Take the boat, which was made sometime between 1000 and 700BC. It has a central mast that represents the extraordinary megalithic stone towers called nuraghi, in which the Sardinians lived for centuries until Roman colonisation in 238BC.
All that is known about this civilisation has been gleaned from its ancient burial grounds, which have yielded unique bronze figurines, including the boat with its carved birds perched on a lattice-work hull, and a prow in the form of a graceful long-horned bull.
Nowhere else in the Mediterranean are there buildings like the nuraghi, which might suggest that the island was unconnected to the others. Yet Sardinia almost certainly imported the bronze of which the boat is made from Cyprus, and it is quite possible the metal was dug from the Cypriot mountains by immigrants from Anatolia – ancient Turkey. That small boat shows that a country and a culture can preserve its identity without turning its back on the rest of the world.

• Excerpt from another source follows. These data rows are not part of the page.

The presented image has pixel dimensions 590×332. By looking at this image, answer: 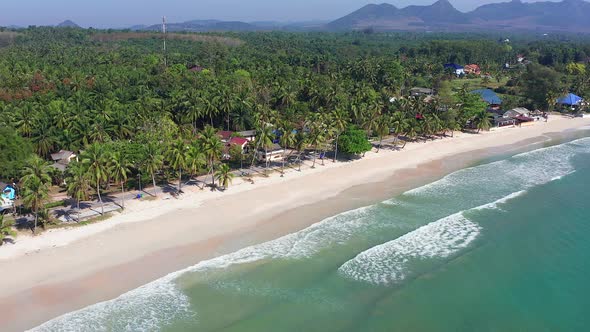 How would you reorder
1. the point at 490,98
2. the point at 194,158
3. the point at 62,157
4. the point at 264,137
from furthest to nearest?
the point at 490,98 → the point at 264,137 → the point at 62,157 → the point at 194,158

It earns its place in the exhibition for its finely wrought craftsmanship, but the boat – and the show – are really about Brexit. It stands as a challenge to the egregious claim by Michael Gove in 2016 that 77 million Turkish citizens could be knocking at our door demanding access. It is a riposte to the home secretary, Suella Braverman, who announced – wildly – that 100 million refugees were about to sail the Channel in small boats and invade the UK.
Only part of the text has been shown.